Thursday, November 30, 2006

the Bible? sure, I've read that . . .

I finally got Bl. Theophylact's The Explanation of the New Testament (well, the volumes on Matthew, Mark, and Luke, anyway, which is all that's been published so far in English). I read The Arena a while back, in which Bishop Ignaty hammers his monastic readers on the need to spend time in the Gospels. Honestly, if you're not careful, you can easily come away from a lot of these exhortations with the impression that all Orthodox spiritual fathers want from their children is for them to be more Evangelical--read your Bible more, pray from the heart, don't get so caught up in ritual, etc.

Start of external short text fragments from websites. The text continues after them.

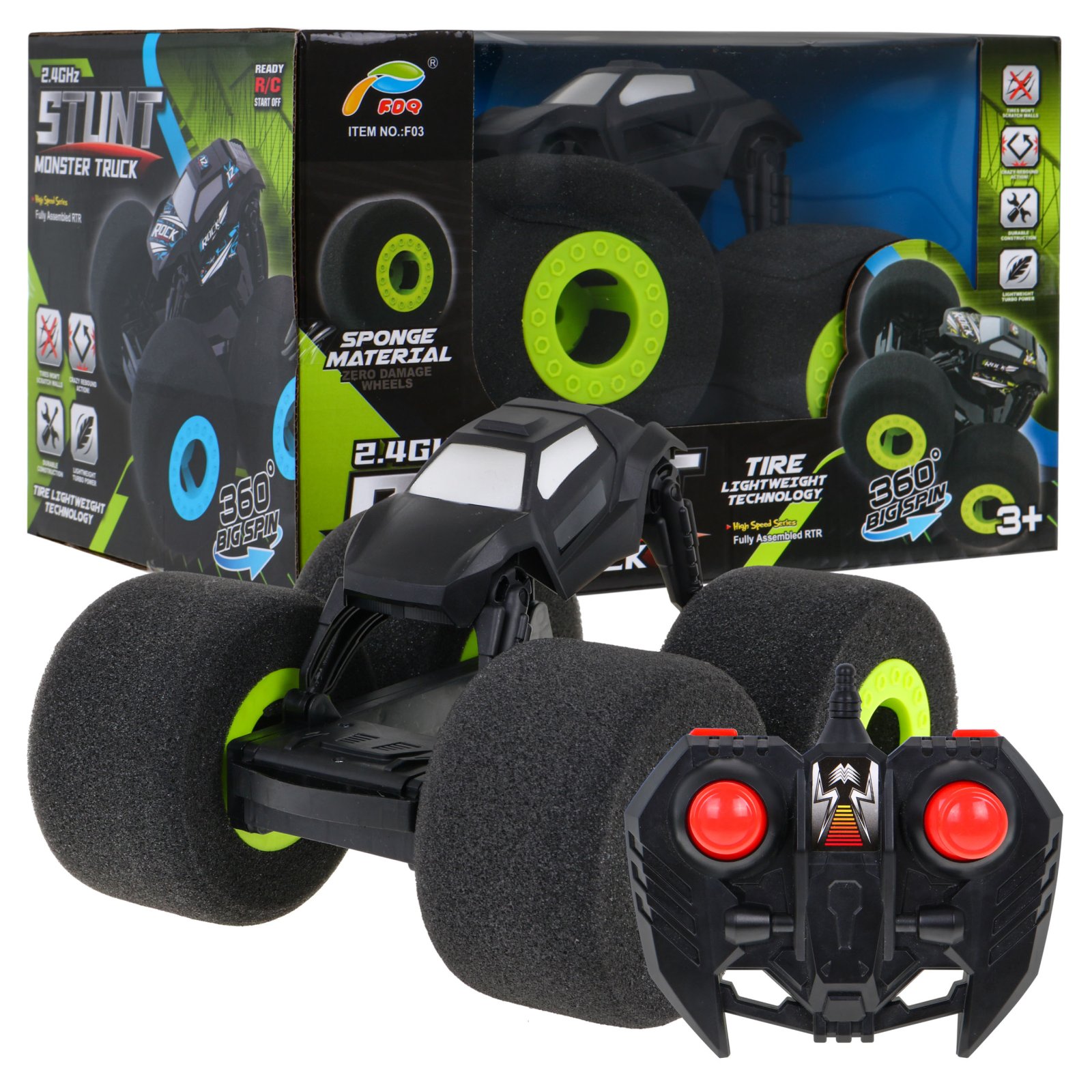 R/C mänguauto pehmete roheliste ratastega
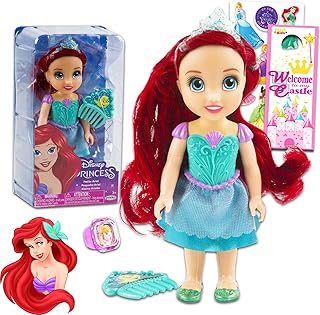 Disney Princess Ariel Doll and Comb Set ~ 4 Pc The Little Mermaid Toy Bundle with Ariel Doll for Girls, Ring, Stickers, and More (Princess Ariel 6 Inch Petite Figure for Kids, Toddlers)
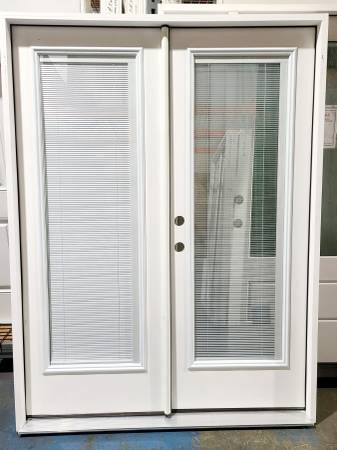 New 60" Full Glass w/Blinds RH Inswing Fiberglass Exterior French Door 1
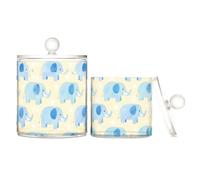 miaozhen Carino animale elefante blu contenitori in plastica trasparente per la conservazione con coperchio bagno essenziale vaso decorativo per filo interdentale per cotton fioc, tamponi di cotone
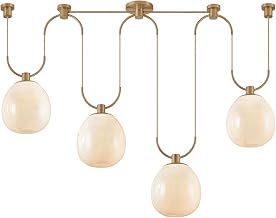 Troy Lighting Jove 4-Light Linear Chandelier | Patina Brass Finish | Cloud Seeded Glass Shades | Jewelry-Inspired Sculptural Linear Ceiling Light | Adjustable Braided Cords | 58"L x 16.5"H | F7558-PBR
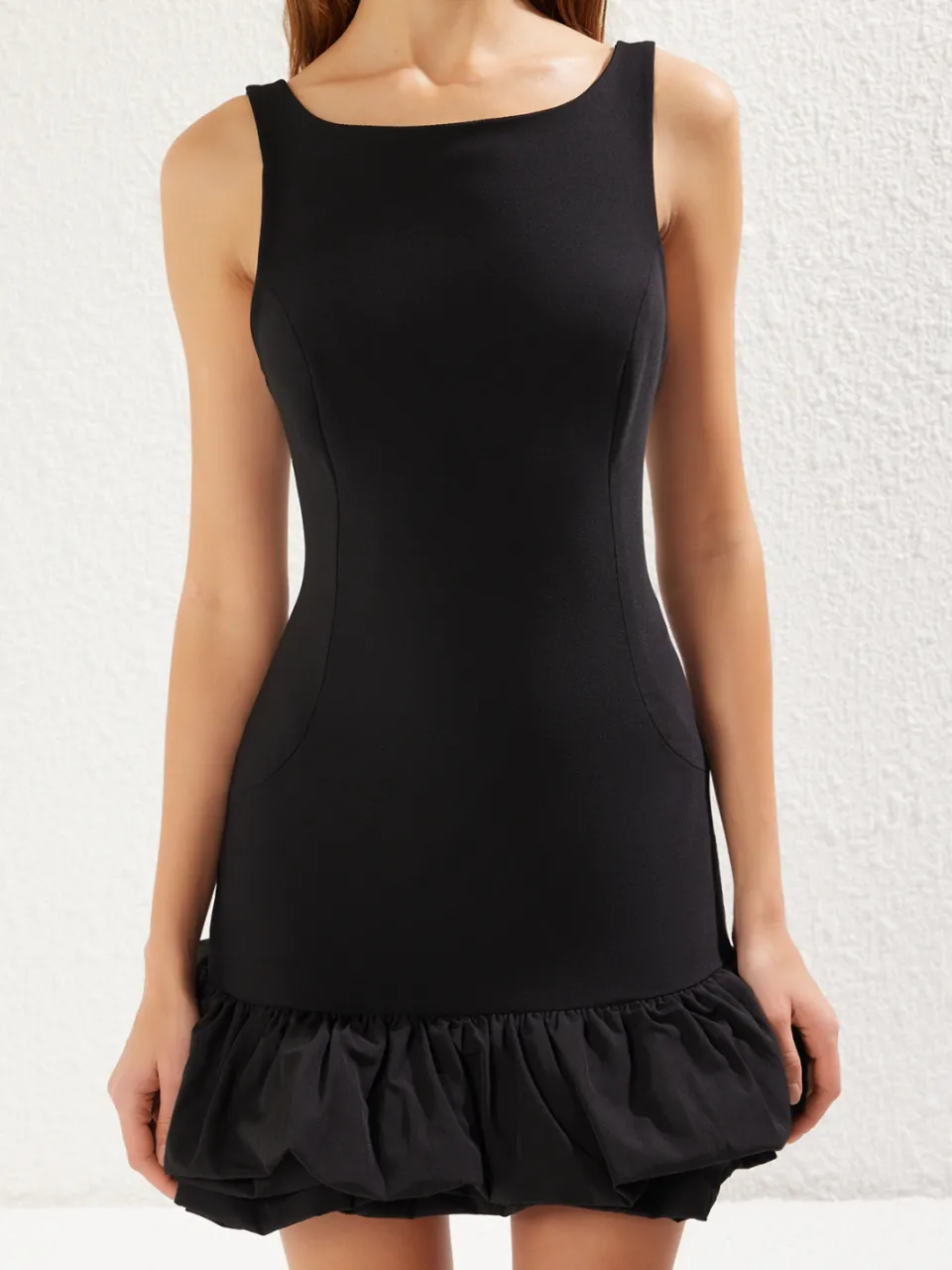 Trendyol TRENDYOLMİLLA Dames Zwart Effen Extra Kort / Super Mini Mouwloos Stijlvol/Avond Bodycon Jurken, foto 2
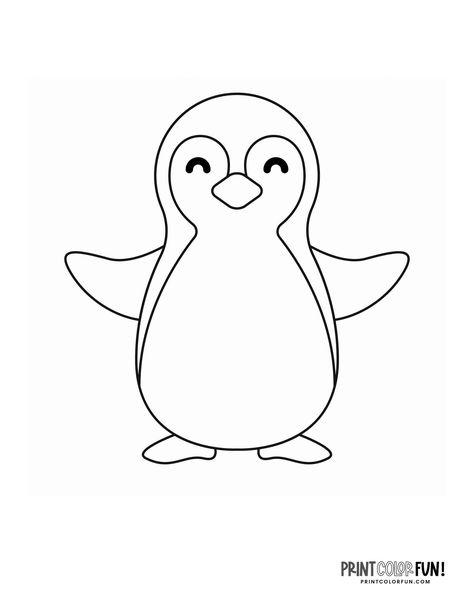 Cute cartoon penguin coloring page from PrintColorFun com Penguins Drawing, Penguin Template, Drawing Penguin, Penguin Coloring Page, Penguin Outline, Penguin Clipart, Room Parent, Penguin Cartoon, Cartoon Penguin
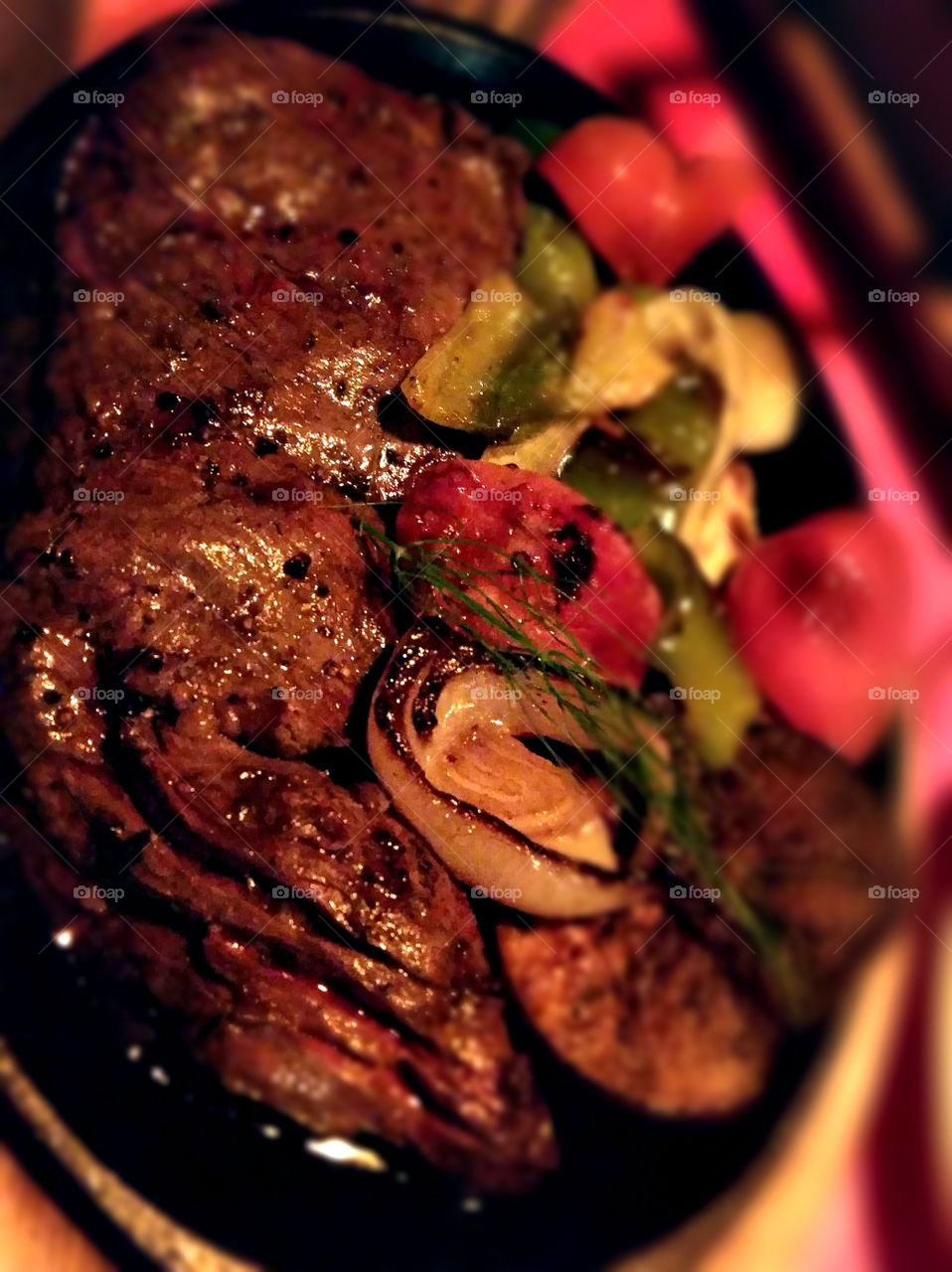 steak and grilled veggies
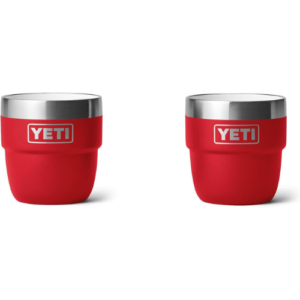YETI Rambler 4 oz Stackable Cup, Stainless Steel, Vacuum Insulated Espresso/Coffee Cup, 2 Pack, Rescue Red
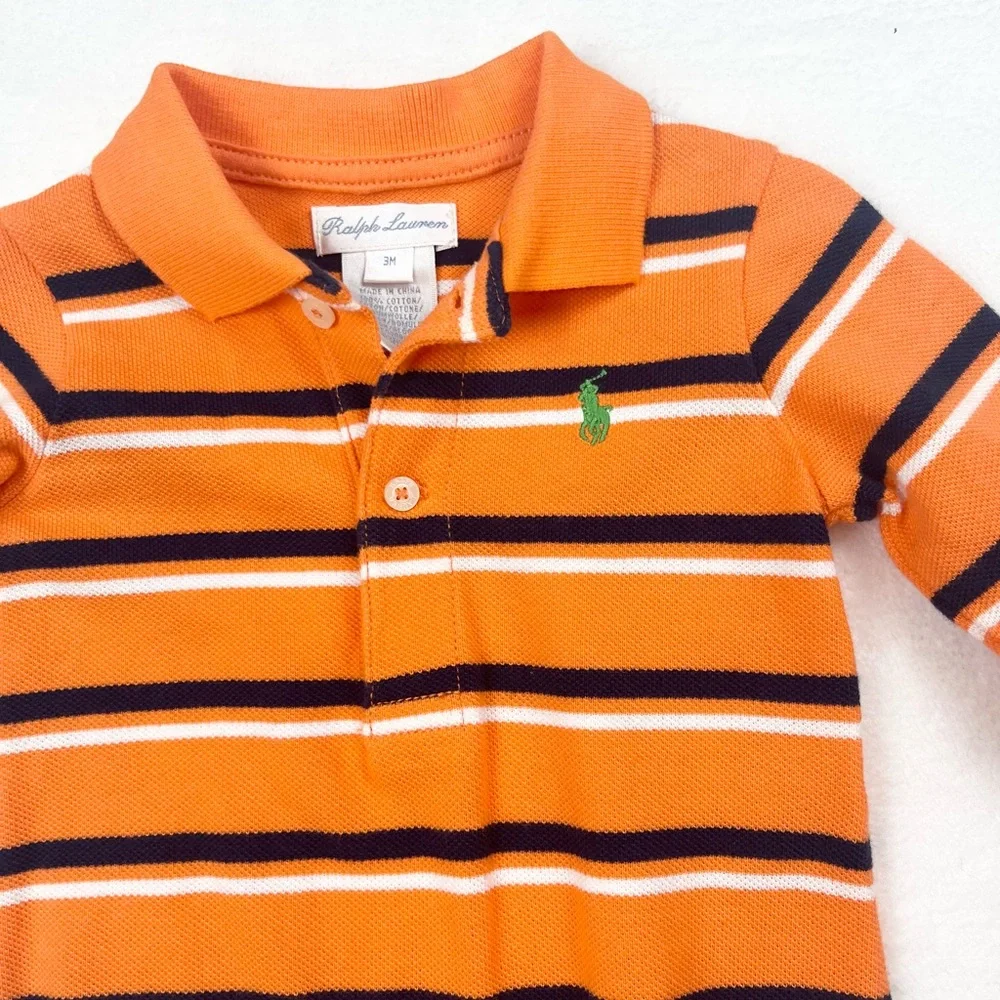 EUC Polo Ralph Lauren 3 Months Orange and Navy Striped Outfit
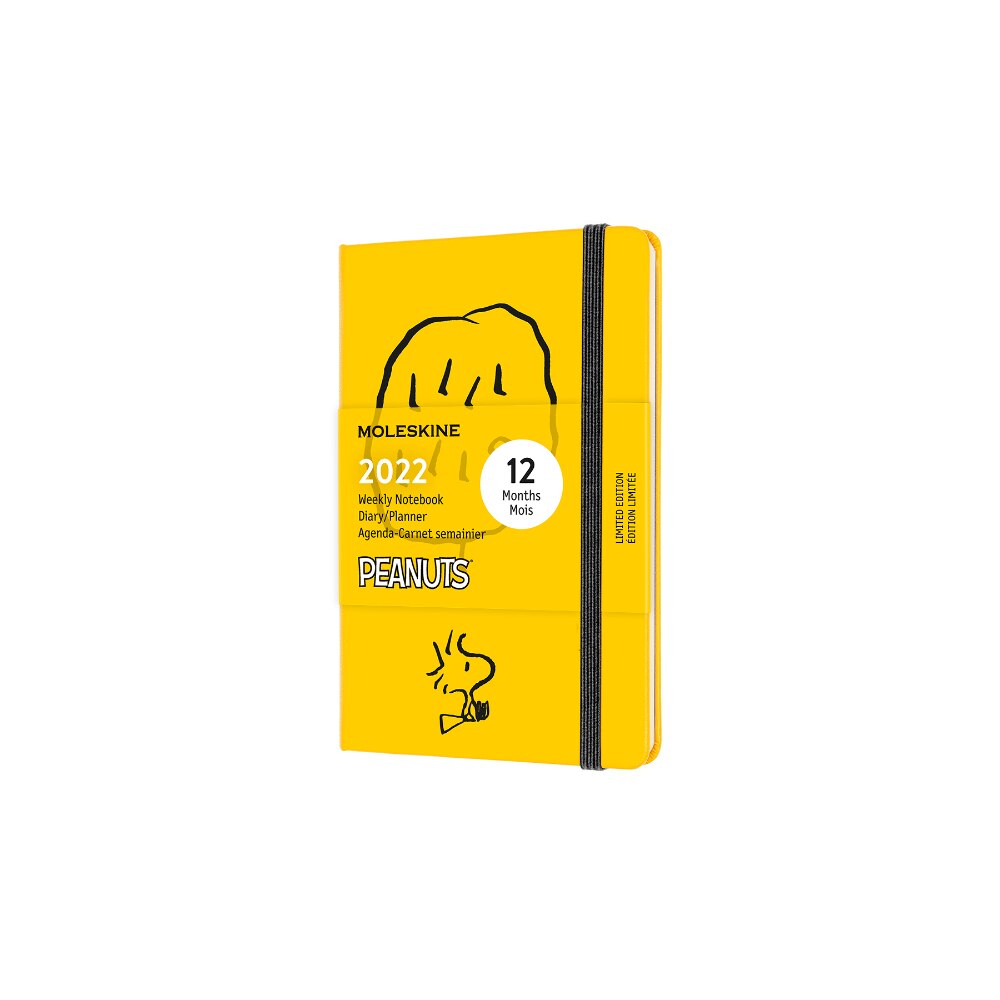Calendar lunar 2022, Moleskine, Peanuts, Hard cover, 9x14 cm, Galben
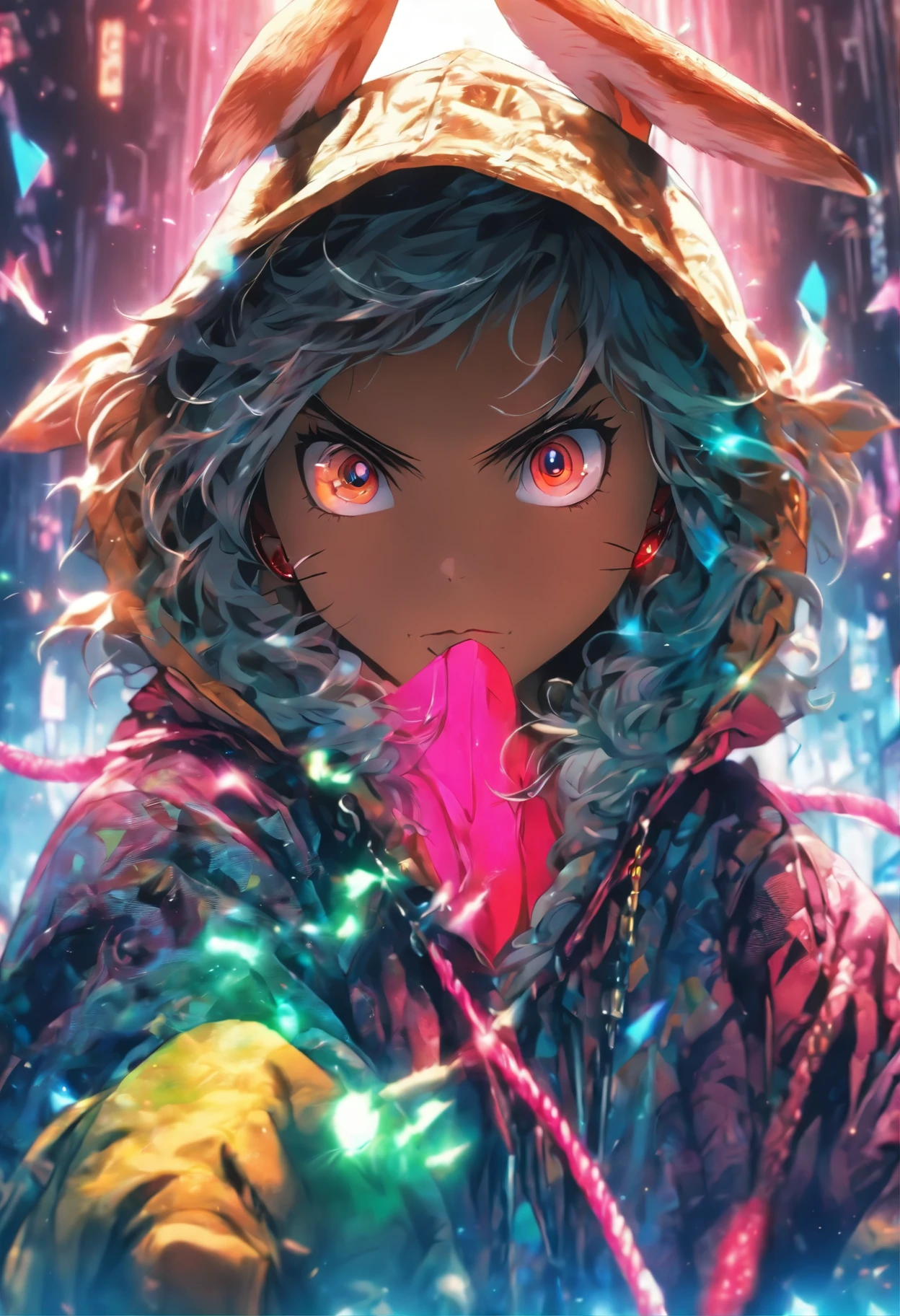 ((((masterpiece, best quality, ultra detail, very_high_resolution, large_filesize, full color)))), cool rabbit, sharp eyes, cool, Red pupils, Wearing an oversized hoodie, Colorful hoodies, Carrying a weapon with a metal ball attached to it on a chain,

In a sense, it probably is true--everything has its tendencies, and often strengths go hand-in-hand with corresponding weaknesses. So yes, there are areas where Evangelicals probably have a leg up on a lot of Orthodox. As my wife says, Orthodox worship may look more reverent, but isn't it also easier to mask when the people don't actually feel more reverent? Well, yes it is. Viewed positively, you can also play the behaviorist and say that doing it whether you feel it right now or not is a good way to help your feelings catch up. But the negative point is still valid. (On the other hand, the same thing can apply to Evangelicalism--how many times have I found myself singing out, singing well--by all appearances "in to" the worship--but not paying attention to a single word of the lyrics?) But the problem with Evangelicalism is never that it gets everything wrong; it gets quite a bit right. The problem with Evangelicalism is its minimalism--how it jettisoned so much that was good along with the bad that it found in Catholicism. And it can be seen that Evangelicals returning to Orthodoxy bring with them some strengths that the Church needs. But they're strengths that only become useful when they're "baptized" into the Church. Anyway, enough of this tangent.

The point is that reading Bishop Ignaty and St. Theophan the Recluse, both harping on the need to read Scripture, got me thinking that I should be spending more time with it myself. I've always had Scripture, so when I came to Orthodoxy, there was all this other stuff to read, and I got distracted from what's most important. Plus, I had learned not to trust my own understanding of Scripture, so I was hesitant to get back into it until I'd had a chance to learn from the Church. Anyway, it was an overreaction on my part, I'm sure, so after reading The Arena I decided to take a break from the library and spend time in the Gospels. I figured I'd focus my attention on Matthew, Mark, and Luke, since John is supposed to be for those who are already in communion. I started with good intentions, and for a while I stuck it out, but I still felt like something was missing. Bishop Ignaty had stressed reading Theophylact along with the Gospels, and I'd noted at the time that there was an English translation available, but I was too cheap to rush out and buy it.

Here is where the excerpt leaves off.